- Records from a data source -
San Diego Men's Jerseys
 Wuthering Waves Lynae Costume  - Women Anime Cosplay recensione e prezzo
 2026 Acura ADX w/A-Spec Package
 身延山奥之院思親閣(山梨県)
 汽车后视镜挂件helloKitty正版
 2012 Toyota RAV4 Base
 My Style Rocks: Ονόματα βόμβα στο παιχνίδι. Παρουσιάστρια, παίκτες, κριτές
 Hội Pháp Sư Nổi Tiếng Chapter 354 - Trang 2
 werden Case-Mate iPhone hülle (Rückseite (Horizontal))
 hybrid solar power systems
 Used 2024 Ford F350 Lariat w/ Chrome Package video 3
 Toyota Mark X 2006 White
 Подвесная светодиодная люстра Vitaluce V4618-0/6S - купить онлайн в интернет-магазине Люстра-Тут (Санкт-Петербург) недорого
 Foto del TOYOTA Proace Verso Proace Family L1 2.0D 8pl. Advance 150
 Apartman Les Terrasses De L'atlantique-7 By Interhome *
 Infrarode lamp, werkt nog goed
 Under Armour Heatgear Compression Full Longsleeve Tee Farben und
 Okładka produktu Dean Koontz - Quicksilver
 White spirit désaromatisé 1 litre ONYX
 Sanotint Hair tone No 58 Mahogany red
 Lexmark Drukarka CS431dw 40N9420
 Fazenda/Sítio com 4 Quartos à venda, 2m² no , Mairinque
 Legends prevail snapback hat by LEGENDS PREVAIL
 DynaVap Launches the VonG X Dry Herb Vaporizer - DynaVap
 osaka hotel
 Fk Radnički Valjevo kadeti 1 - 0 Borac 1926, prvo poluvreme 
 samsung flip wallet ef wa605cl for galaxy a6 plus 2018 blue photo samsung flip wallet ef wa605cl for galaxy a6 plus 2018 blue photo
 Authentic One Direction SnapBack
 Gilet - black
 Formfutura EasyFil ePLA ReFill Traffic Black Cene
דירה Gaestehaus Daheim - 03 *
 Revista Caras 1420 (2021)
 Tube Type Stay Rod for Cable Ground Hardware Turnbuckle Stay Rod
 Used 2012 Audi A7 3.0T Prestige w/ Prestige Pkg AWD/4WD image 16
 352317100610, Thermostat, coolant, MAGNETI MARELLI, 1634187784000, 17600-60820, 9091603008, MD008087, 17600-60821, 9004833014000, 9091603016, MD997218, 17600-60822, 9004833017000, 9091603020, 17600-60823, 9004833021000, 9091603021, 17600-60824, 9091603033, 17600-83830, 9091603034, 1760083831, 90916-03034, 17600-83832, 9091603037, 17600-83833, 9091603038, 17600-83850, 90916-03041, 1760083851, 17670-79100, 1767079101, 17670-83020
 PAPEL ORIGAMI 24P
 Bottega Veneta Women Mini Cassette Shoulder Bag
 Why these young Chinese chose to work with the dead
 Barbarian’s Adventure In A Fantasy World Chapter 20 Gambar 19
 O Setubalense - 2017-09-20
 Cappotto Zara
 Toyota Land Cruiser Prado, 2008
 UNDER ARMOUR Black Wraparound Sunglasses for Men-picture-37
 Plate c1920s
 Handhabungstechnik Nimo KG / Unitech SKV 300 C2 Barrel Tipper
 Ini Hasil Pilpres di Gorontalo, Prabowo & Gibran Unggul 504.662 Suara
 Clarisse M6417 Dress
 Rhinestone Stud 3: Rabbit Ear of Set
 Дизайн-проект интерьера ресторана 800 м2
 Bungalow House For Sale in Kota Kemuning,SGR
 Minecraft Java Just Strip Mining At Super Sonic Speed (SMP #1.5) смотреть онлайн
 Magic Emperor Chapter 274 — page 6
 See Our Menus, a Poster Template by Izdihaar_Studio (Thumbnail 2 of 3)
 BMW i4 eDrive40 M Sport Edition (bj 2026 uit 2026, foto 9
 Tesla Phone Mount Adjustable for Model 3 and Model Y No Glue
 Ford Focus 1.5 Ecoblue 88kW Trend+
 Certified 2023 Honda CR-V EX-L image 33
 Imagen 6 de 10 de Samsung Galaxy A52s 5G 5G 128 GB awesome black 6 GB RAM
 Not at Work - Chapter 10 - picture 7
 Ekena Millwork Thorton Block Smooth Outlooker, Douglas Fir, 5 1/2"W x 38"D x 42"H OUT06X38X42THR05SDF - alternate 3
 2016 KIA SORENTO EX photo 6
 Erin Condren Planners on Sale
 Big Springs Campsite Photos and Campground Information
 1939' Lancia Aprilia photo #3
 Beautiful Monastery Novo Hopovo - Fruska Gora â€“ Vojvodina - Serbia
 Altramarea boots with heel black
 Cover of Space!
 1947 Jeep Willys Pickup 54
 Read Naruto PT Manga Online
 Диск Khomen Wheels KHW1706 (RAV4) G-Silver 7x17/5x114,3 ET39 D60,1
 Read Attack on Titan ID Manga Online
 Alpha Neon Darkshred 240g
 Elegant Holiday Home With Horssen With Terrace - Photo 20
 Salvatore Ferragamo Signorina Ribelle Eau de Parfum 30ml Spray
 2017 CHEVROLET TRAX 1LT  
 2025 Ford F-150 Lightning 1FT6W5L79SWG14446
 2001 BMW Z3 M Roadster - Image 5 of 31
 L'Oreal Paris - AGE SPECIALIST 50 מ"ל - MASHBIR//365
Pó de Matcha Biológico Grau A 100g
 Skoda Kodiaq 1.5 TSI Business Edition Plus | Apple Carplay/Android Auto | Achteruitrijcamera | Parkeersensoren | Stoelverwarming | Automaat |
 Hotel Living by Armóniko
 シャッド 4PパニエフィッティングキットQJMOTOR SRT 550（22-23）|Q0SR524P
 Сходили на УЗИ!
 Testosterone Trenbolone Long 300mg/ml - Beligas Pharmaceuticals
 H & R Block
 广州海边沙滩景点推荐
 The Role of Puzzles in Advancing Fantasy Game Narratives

- Required action -
Respond with a single number: the count of lines in the entries above that contain the string "Block".

- Answer to this problem -
2